Un discours de rupture, et des accusations persistantes
Longtemps connu pour son discours radical et souverainiste, Moïse Jean-Charles est aujourd’hui accusé par certains observateurs d’avoir opéré un virage stratégique, cherchant à se repositionner dans les cercles du pouvoir international qu’il dénonçait hier. Ses détracteurs parlent d’un langage plus conciliant à l’égard de l’Occident, parfois comparé — de manière polémique — à une proximité idéologique avec des figures comme le fils Barack Obama.
Ces accusations, largement relayées sur les réseaux sociaux et dans certains cercles militants, traduisent surtout une perte de confiance d’une partie de sa base historique, qui lui reproche d’avoir troqué un discours de rupture contre une stratégie d’influence.
La question des intérêts politiques
Au cœur de la controverse se trouve aussi la question des ambitions ministérielles, notamment autour du ministère de l’Agriculture, considéré comme stratégique dans un pays où l’insécurité alimentaire s’aggrave. Des voix critiques estiment que certaines prises de position radicales viseraient moins une transformation structurelle du pays qu’un positionnement personnel dans un éventuel partage du pouvoir.
Dans ce contexte, les menaces politiques brandies contre le Premier ministre sont perçues par certains comme un outil de pression, davantage que comme un projet cohérent de gouvernance.
Un Premier ministre tout aussi contesté
Mais la critique ne s’arrête pas à Moïse Jean-Charles. Le Premier ministre Alix Didier Fils-Aimé est lui-même au centre de vives accusations.
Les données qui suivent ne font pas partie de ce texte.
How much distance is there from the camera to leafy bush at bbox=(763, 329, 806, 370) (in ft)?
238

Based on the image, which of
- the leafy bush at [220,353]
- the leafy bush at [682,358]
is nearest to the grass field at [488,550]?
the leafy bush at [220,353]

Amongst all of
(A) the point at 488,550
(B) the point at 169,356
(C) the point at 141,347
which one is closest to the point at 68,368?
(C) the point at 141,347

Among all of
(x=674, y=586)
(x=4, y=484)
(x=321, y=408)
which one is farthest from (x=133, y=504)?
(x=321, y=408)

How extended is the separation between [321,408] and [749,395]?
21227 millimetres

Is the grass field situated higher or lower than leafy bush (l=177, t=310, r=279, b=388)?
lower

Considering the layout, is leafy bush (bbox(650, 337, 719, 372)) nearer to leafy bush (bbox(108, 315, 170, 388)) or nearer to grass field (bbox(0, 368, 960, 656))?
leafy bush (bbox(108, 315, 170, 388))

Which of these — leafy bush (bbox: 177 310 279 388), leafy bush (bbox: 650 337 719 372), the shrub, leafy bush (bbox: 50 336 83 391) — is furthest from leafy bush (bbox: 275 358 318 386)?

Ses opposants l’accusent de gouverner au bénéfice d’une élite économique et de partenaires internationaux, tout en laissant la majorité de la population faire face à l’insécurité, à la pauvreté et au déplacement forcé.
Dans les quartiers populaires comme dans la diaspora, nombreux sont ceux qui estiment que le pouvoir actuel ne sert pas le peuple, mais un système de continuité politique et économique. Les promesses de réformes, d’élections et de sécurité restent, selon eux, largement non tenues.
Deux camps, un même système ?
Pour une partie de l’opinion publique, l’affrontement entre Moïse Jean-Charles et Alix Didier Fils-Aimé ressemble moins à un choc de visions qu’à une lutte interne pour le contrôle du pouvoir, entre acteurs issus d’un même paysage politique marqué par l’échec des transitions successives.
« Ils s’accusent mutuellement, mais ils font tous partie du même cycle », résume un analyste politique à Port-au-Prince. « Le peuple, lui, reste spectateur et victime. »
Une population lassée des faux sauveurs
Cette nouvelle polarisation nourrit une lassitude profonde. Beaucoup de citoyens ne voient plus dans ces confrontations que des stratégies personnelles, éloignées des urgences réelles : sécurité, nourriture, emploi, éducation, dignité.
La crise actuelle révèle une fracture majeure : la rupture de confiance entre le peuple et l’ensemble de la classe politique, qu’elle se revendique radicale ou technocratique.
Au-delà des accusations, une exigence de responsabilité
Dans un pays à bout de souffle, la question centrale n’est plus de savoir qui renversera qui, mais qui apportera enfin des résultats mesurables. Tant que les débats politiques resteront centrés sur les personnes et non sur les solutions, Haïti continuera de s’enliser.
L’histoire récente a montré que les renversements sans projet ne produisent que de nouvelles désillusions. Et que les faux antagonismes finissent souvent par servir un même système.